An MMSI number lets you transmit your position and type of distress
When connected to a Global Positioning System (GPS) the radio will transmit the caller's position and type of distress and display it as an icon on the chart plotters of boats that receive the call. The system then determines the distance and heading to the distressed vessel, thus allowing nearby boaters to assist in cases where they are closer than the U.S. Coast Guard (please follow the instructions of the U.S. Coast Guard in all emergency situations.). Additionally, MMSI numbers allow boaters to connect directly to other boaters and marine assistance dispatchers with DSC-VHF radios, which will decrease the amount of traffic on commonly used radio channels.
When installed in your DSC-VHF radio, MMSI numbers can be used by the U.S. Coast Guard for search and rescue purposes within Rescue21 service areas.
If you plan to operate on International waters outside the United States, you must get your MMSI number through the FCC.
Why do I need an MMSI number?
Every fixed mount VHF radio manufactured after 1999 has digital selective calling (DSC) capability. DSC-VHF radios require the implementation of a new system of identification called the Maritime Mobile Service Identity (MMSI) numbers in order to take advantage of their full capabilities.
An MMSI number functions much like a phone number and allows boaters with DSC-VHF radios to make a touch-of-a-button emergency call that automatically transmits vital information to all other DSC-VHF radios within the caller's area.

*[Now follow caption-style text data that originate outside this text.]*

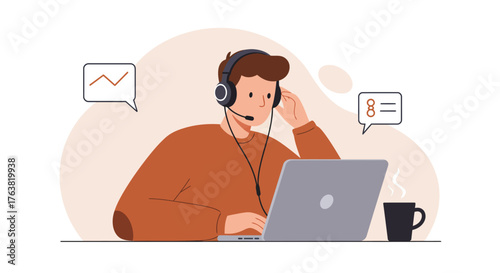 Customer support specialist working remotely with headset and laptop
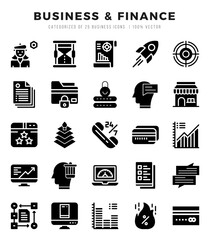 Set of Glyph Business & Finance Icons. Glyph art icon. Vector illustration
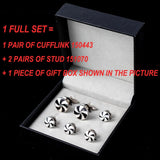 Stripe Tuxedo Cufflinks and Studs Set Round Cuff Buttons For Mens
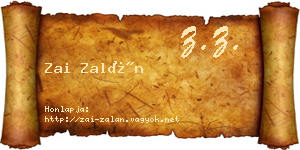Zai Zalán névjegykártya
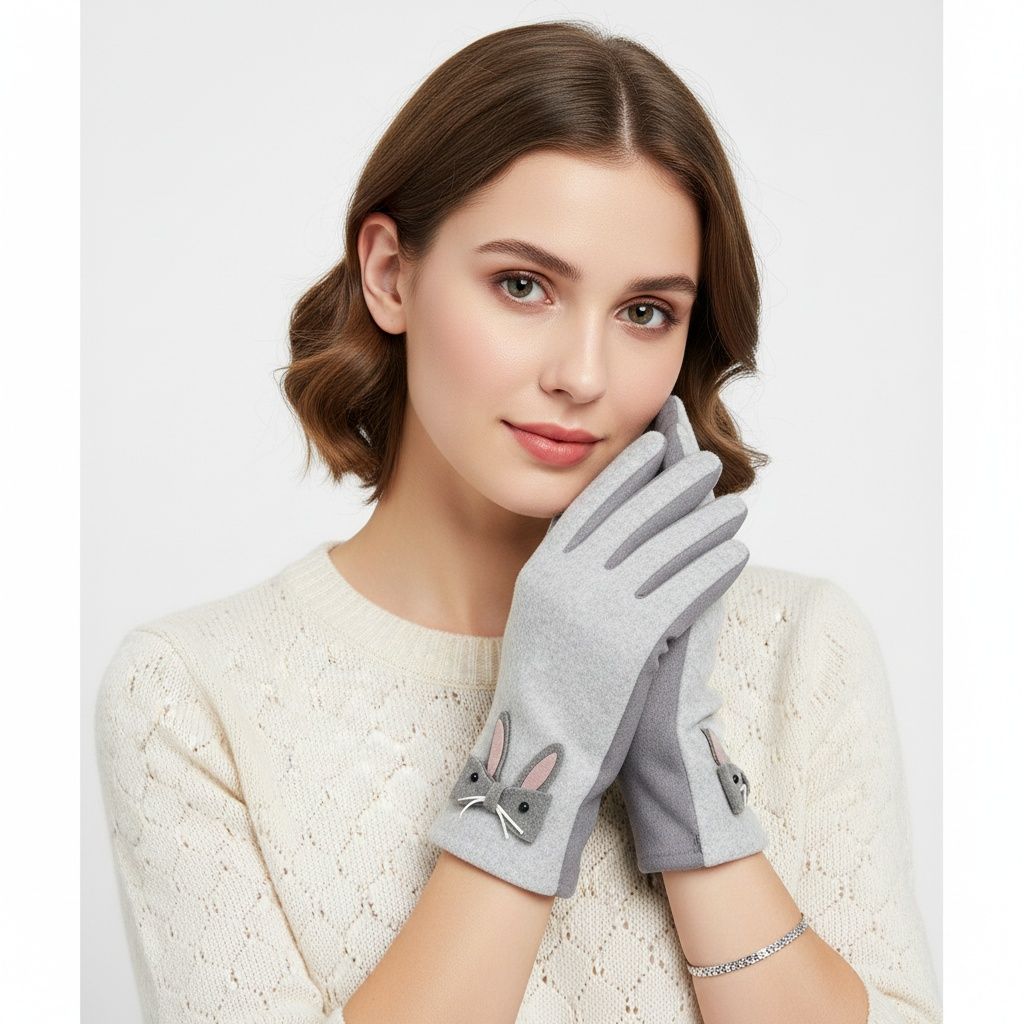 Winter Woolen Touchscreen Gloves Gray with Cute Rabbit Detail Stylish and Casual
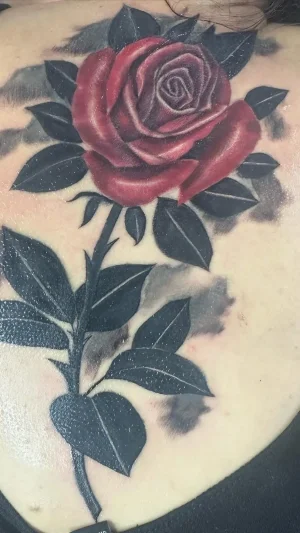 Bold Red Rose Back Piece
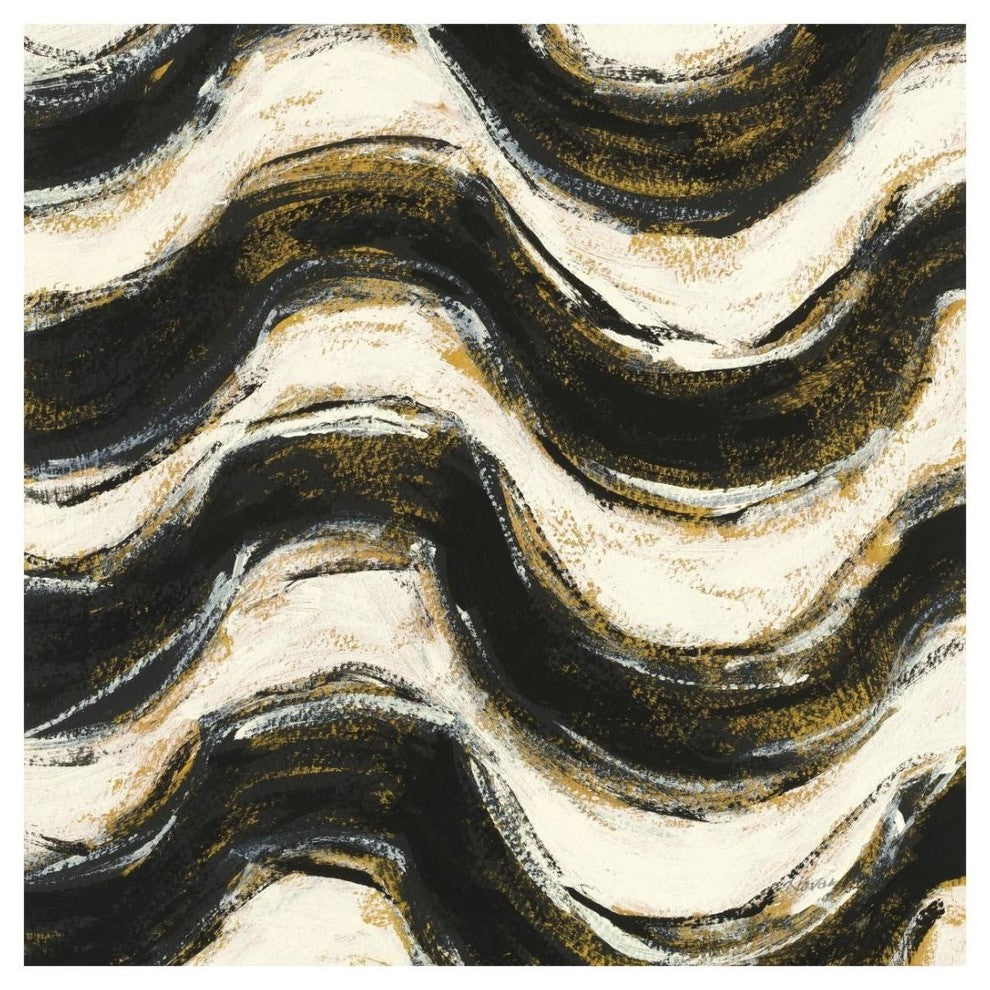 "Black and Gold Geometric V Crop" Digital Paper Print by Shirley Novak, 26"x26"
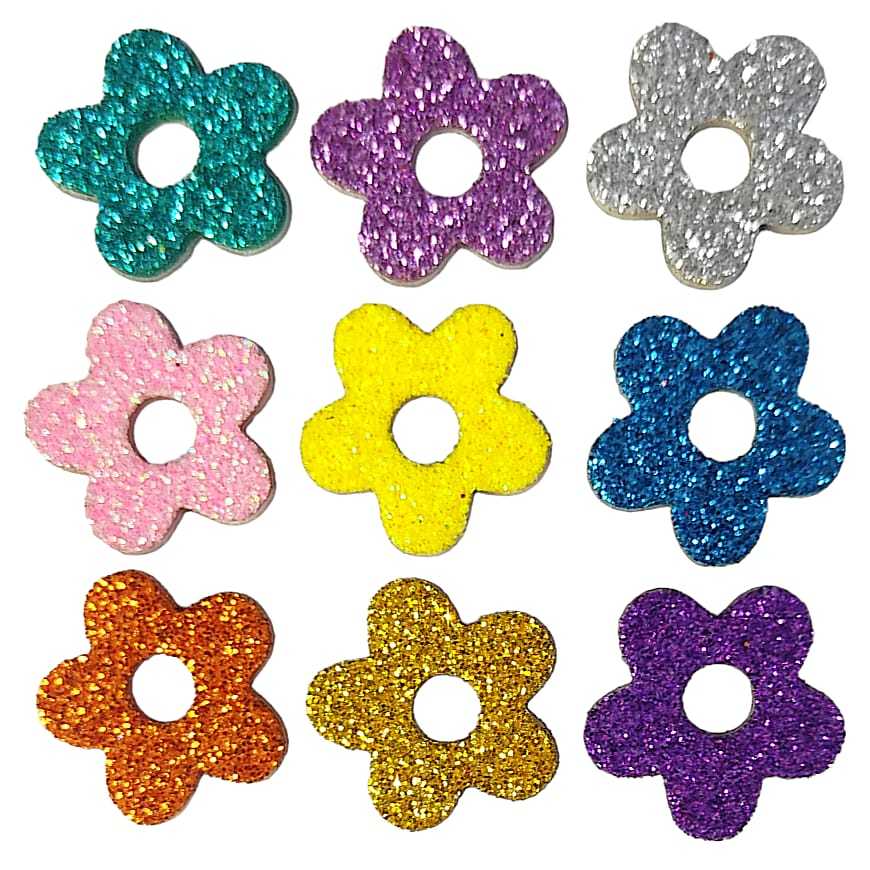 Kit Com 100 Florzinha Pet Eva Aplique Pet Shop Coloridas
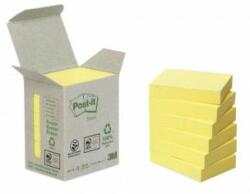 Post-it Blocnotes autoadeziv, 38x51 mm, 6x100 coli, ecologic, 3M POSTIT, galben, 600 coli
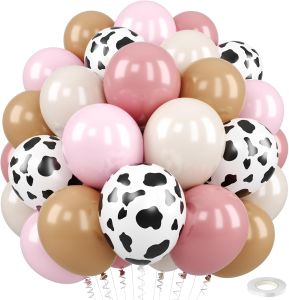 Bộ 50 Bóng Bay Màu Hồng Đất 12 Inch Màu Hồng Nhạt Nâu Trắng Cát Dùng Trang Trí Tiệc Chủ Đề Trang Trại Cao Bồi Miền Tây Bóng Bay Latex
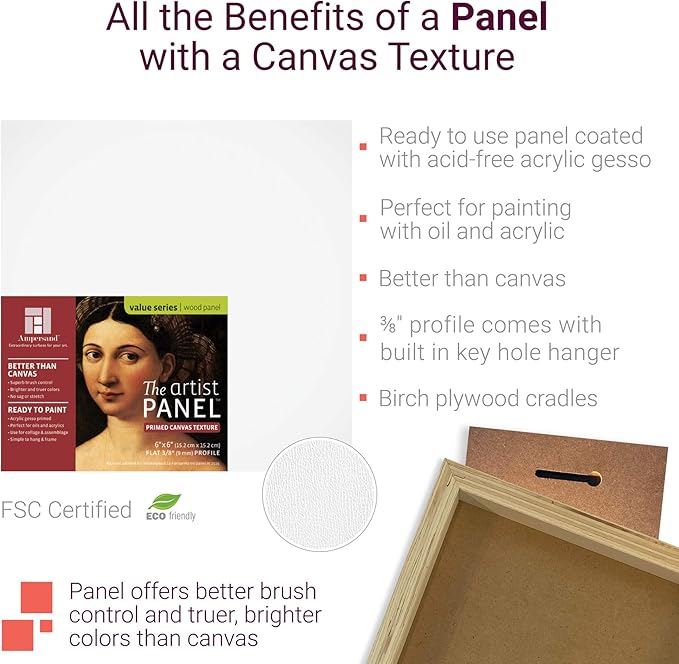 Ampersand Art Supply Wood Gesso Art Painting Panel: Canvas Texture, 3/8 Inch Depth, 6" x 6"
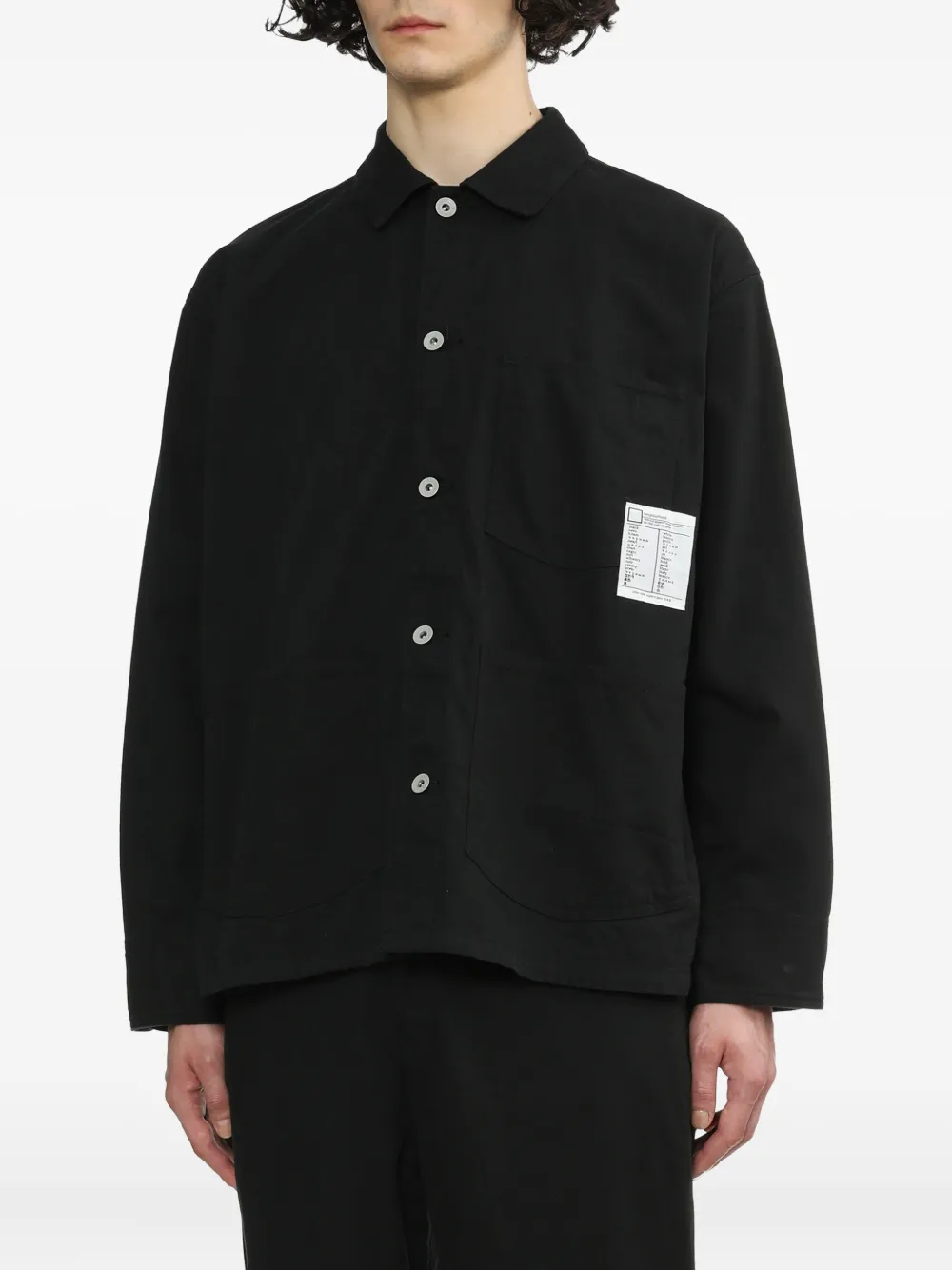 Neighborhood patch-pocket button-front shirt jacket Zwart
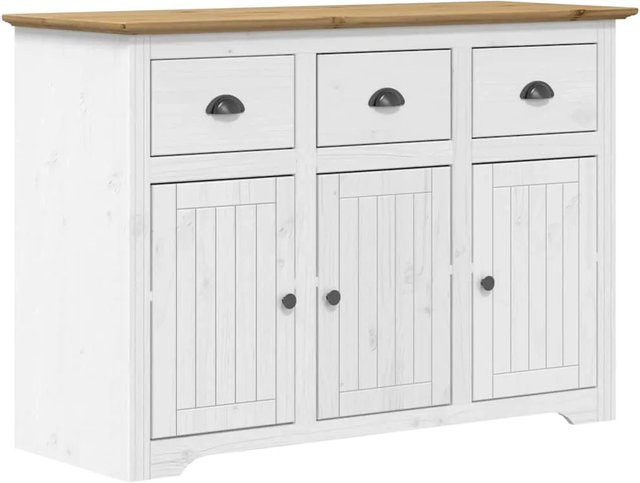 vidaXL Sideboard BODO in Weiß und Braun aus massivem Kiefernholz, B/T/H: 115,5 x 44 x 80 cm - Bild 1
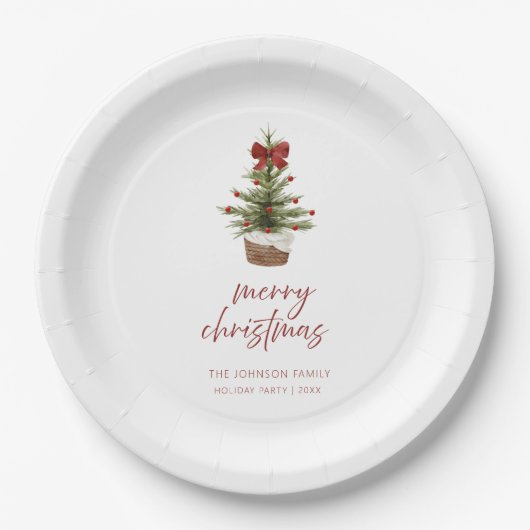 Rustic Red Bow Christmas Tree Holiday Papieren Bordje (Voorkant)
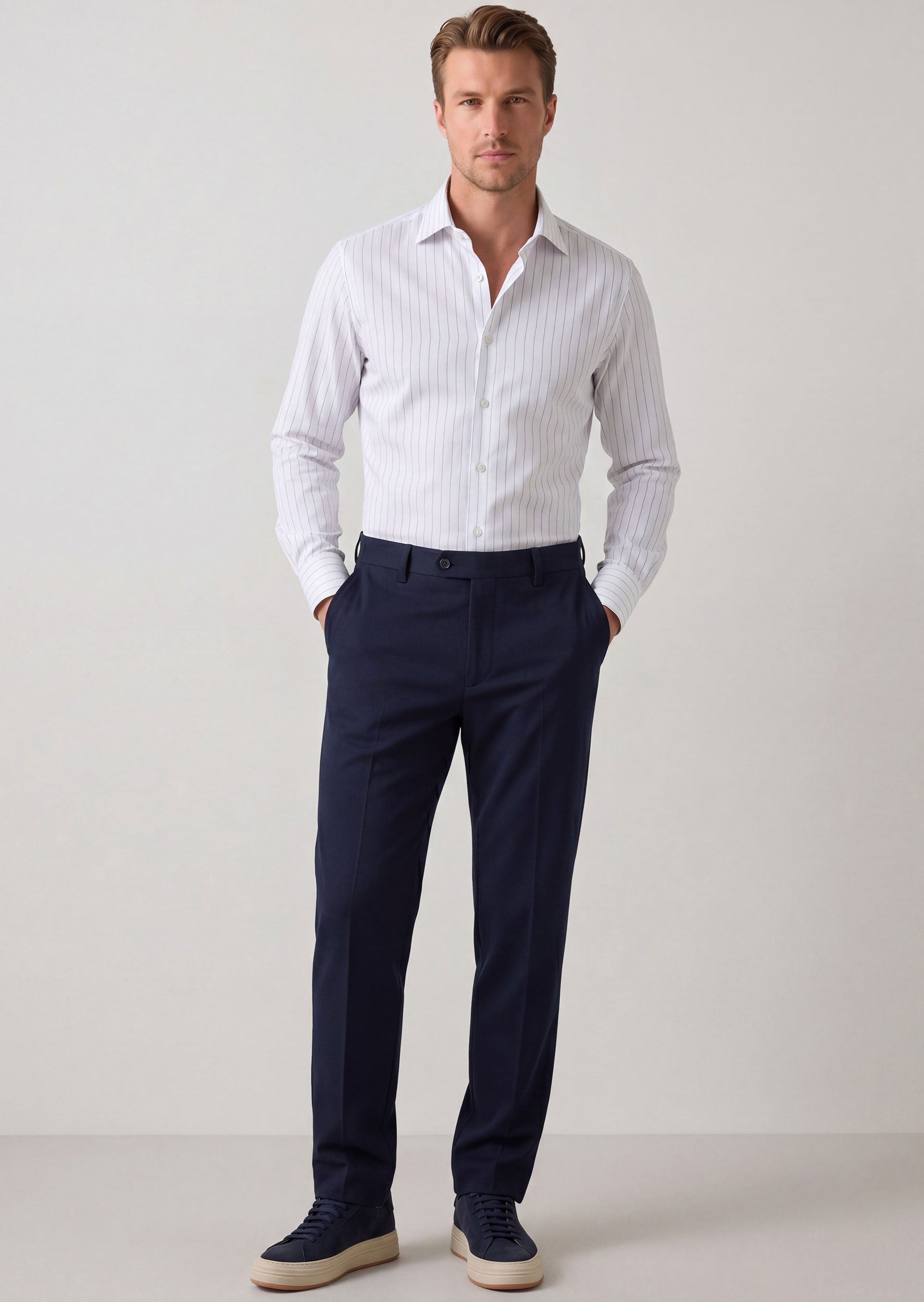 White - Navy Long Sleeve Shirt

Note: Federal users can obtain MMSI assignments from their agency radio spectrum management office in accordance with Section 6.6 of the NTIA Manual. Official DHS and U.S. Coast Guard users can obtain an MMSI through Commandant (CG-652) in accordance with Commandant Instruction M2000.3D, Section 11.D. U.S. Coast Auxiliary surface vessel operators should request assignment of MMSIs using the same method as for a U.S. Non-Federal user.